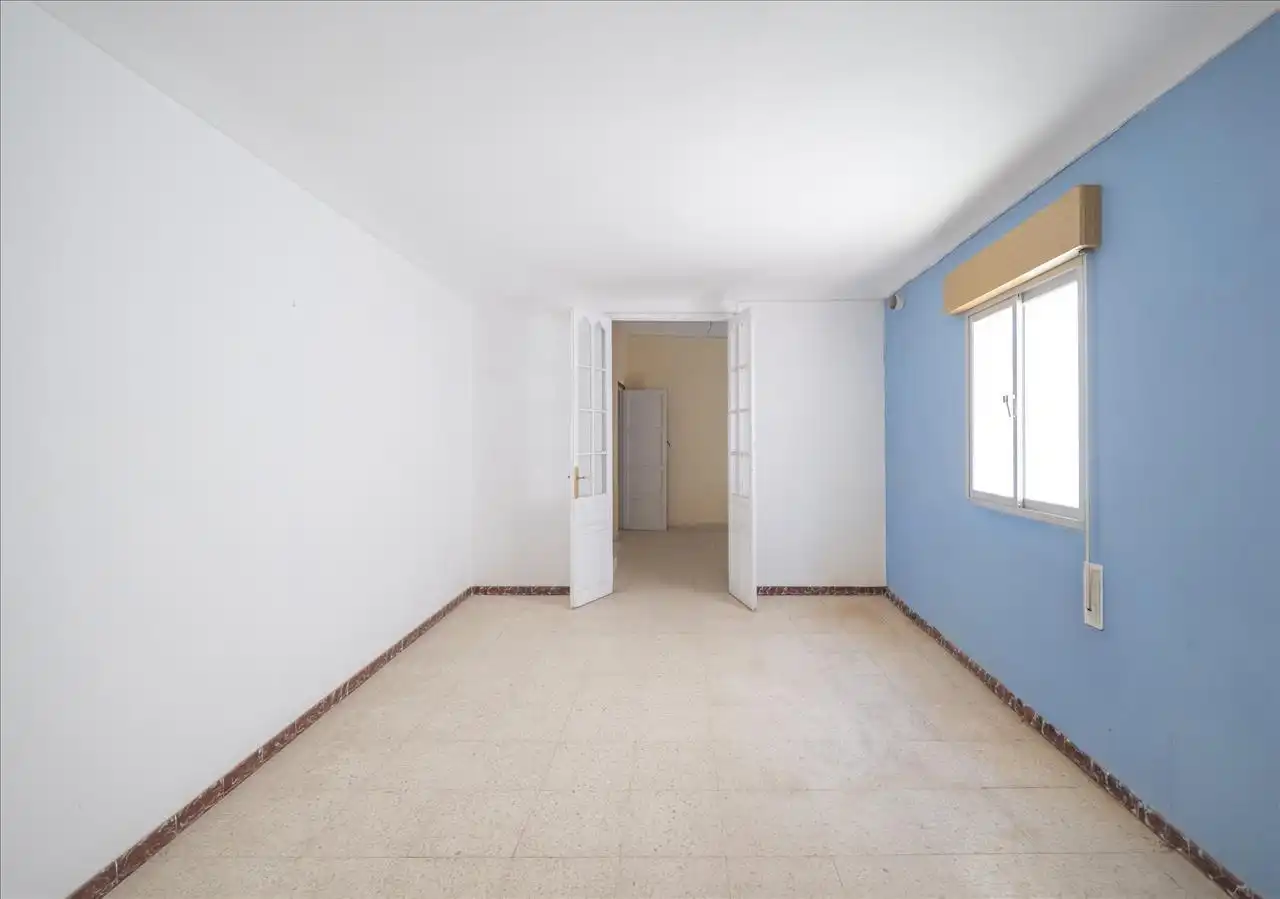 Habitación de Piso en venta en Teba
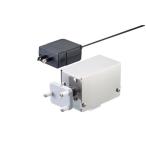 BELLDREAM - US-MD(US-60V для motor Drive оборудование )[ полная распродажа ]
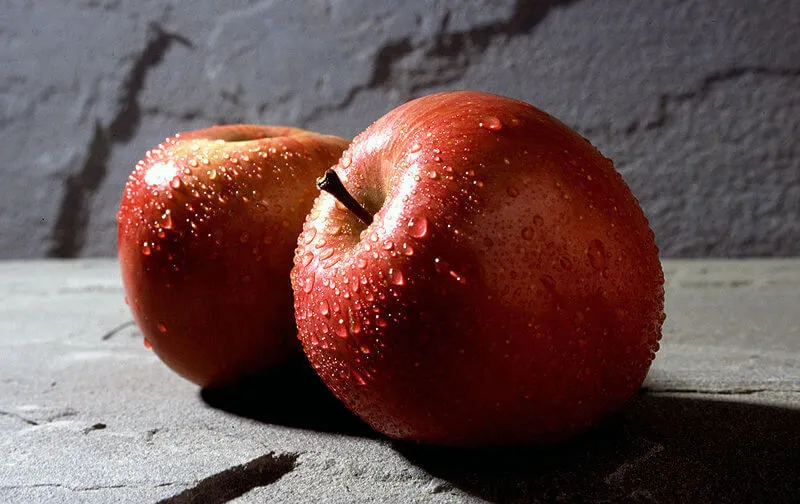 JMC Fruits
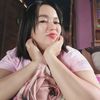 imel7697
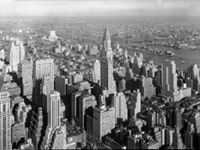 Назар Кузвєсов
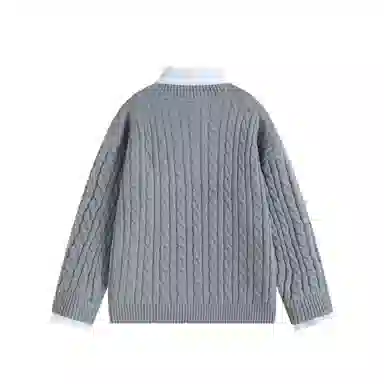 SCHEPPERHEYN M-5XL230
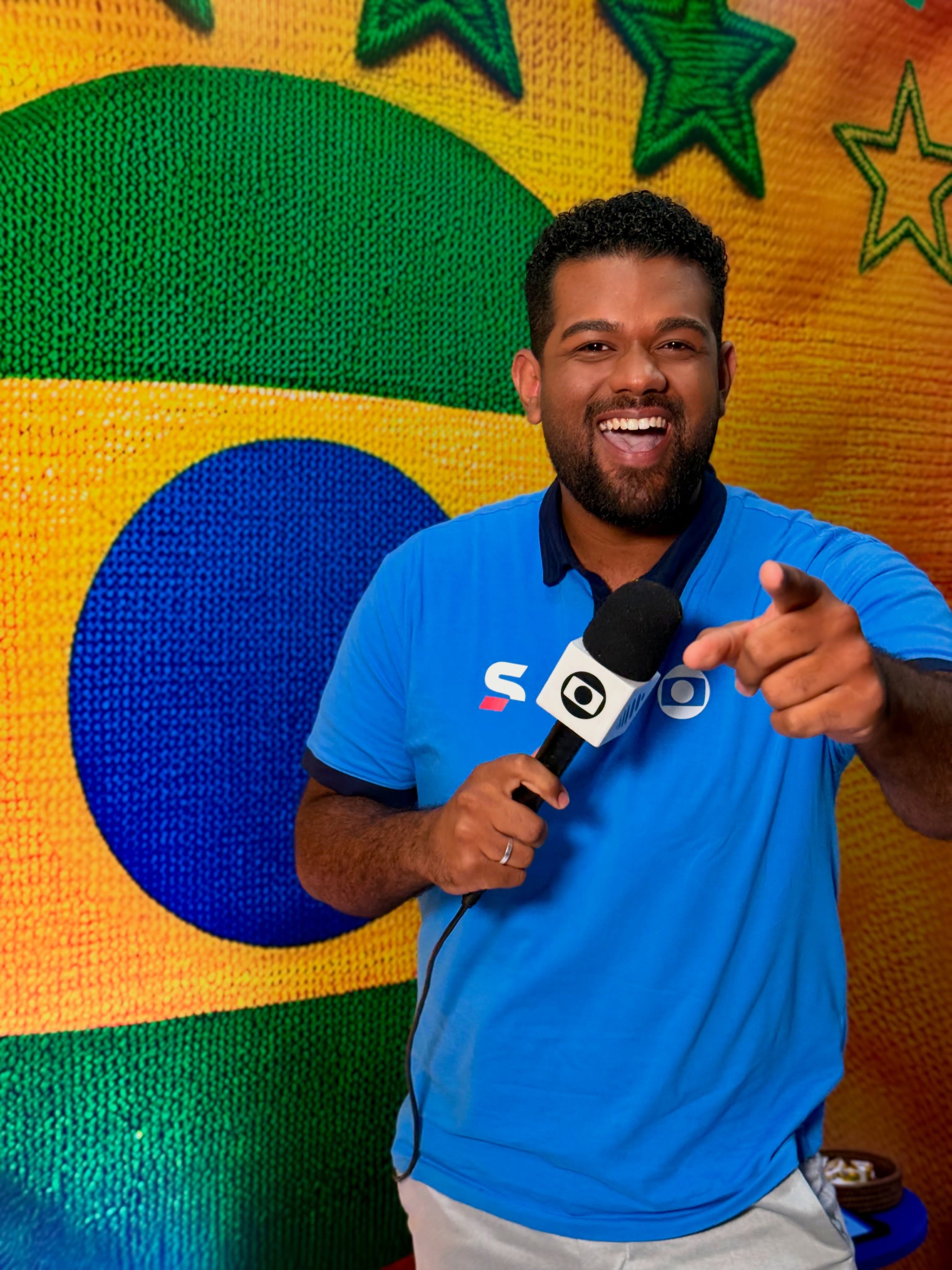 costta filho
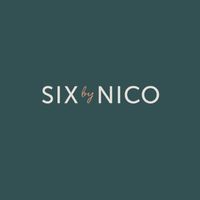 sixbynico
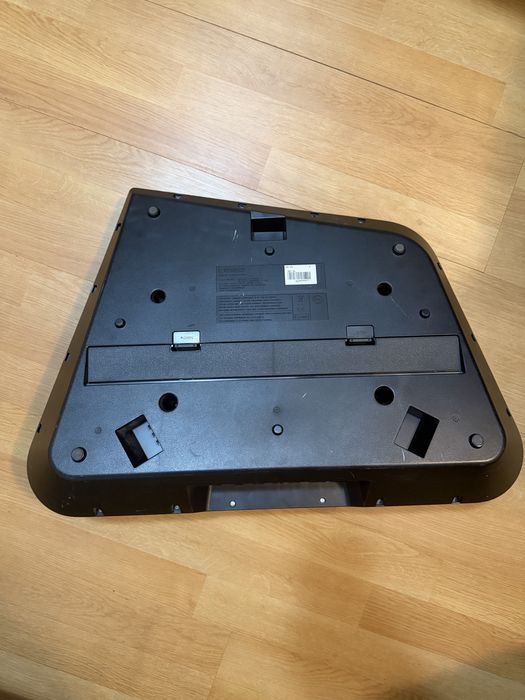 Tobe electronice Yamaha DD-65
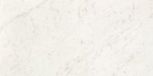 Carrara Brillante 75x150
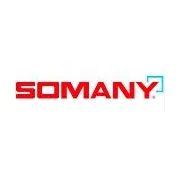 Somany Ceramics Ltd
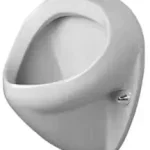 Azonnali szállítás Duravit - Urinals - Piszoár - 0850350000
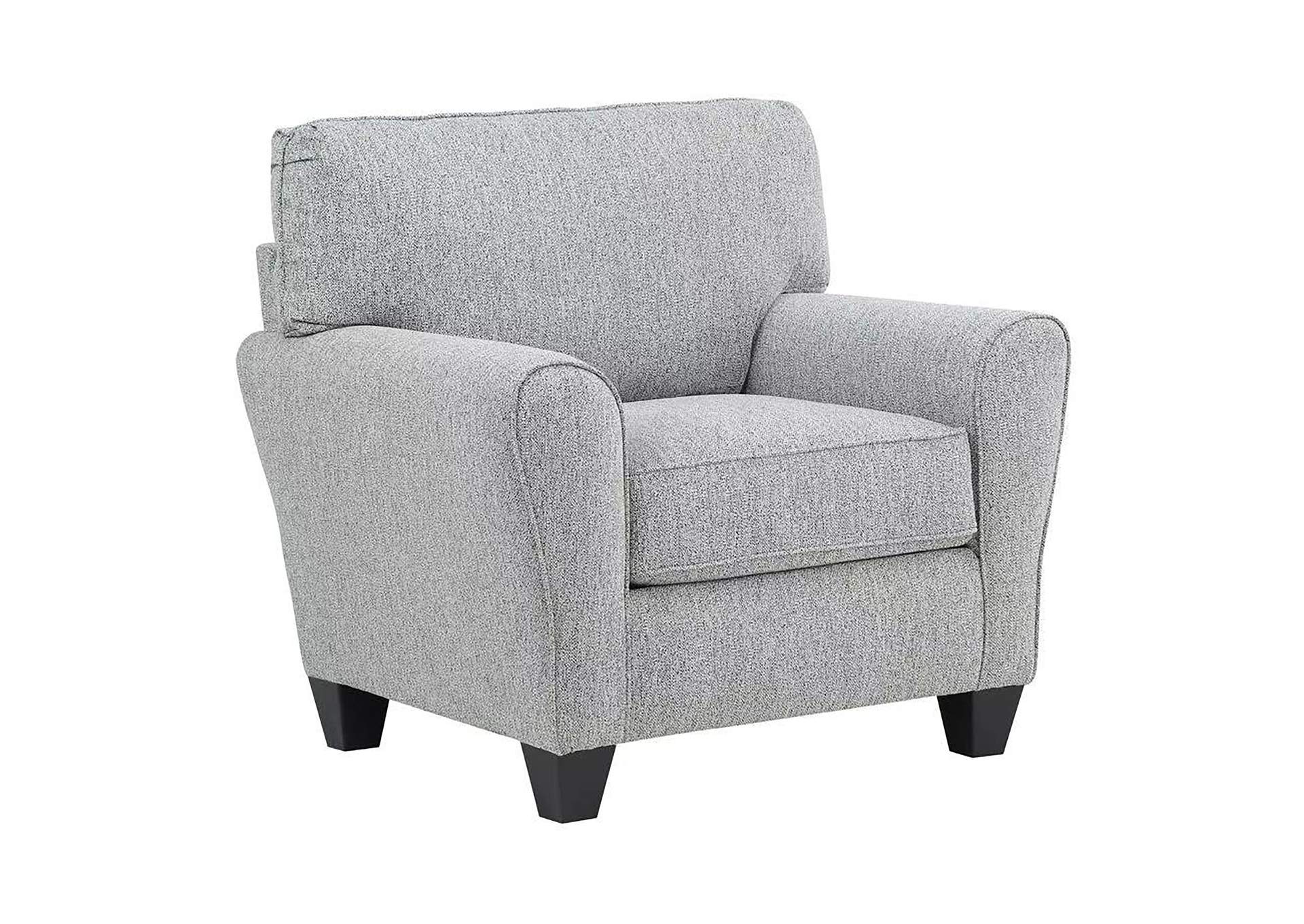 Reese U2951 Chair,Porter Designs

■ ■ ■

◆ PROBLEM: All of the lines above should be printed exactly, minus the pictures.

◆ ANSWER BELOW:
 Habitación de Piso en venta en Teba
 BELLDREAM - US-MD(US-60V для motor Drive оборудование )[ полная распродажа ]
 JMC Fruits
 imel7697
 Назар Кузвєсов
 SCHEPPERHEYN M-5XL230
 costta filho
 sixbynico
 Tobe electronice Yamaha DD-65
 Carrara Brillante 75x150
 Somany Ceramics Ltd
 Azonnali szállítás Duravit - Urinals - Piszoár - 0850350000
 Reese U2951 Chair,Porter Designs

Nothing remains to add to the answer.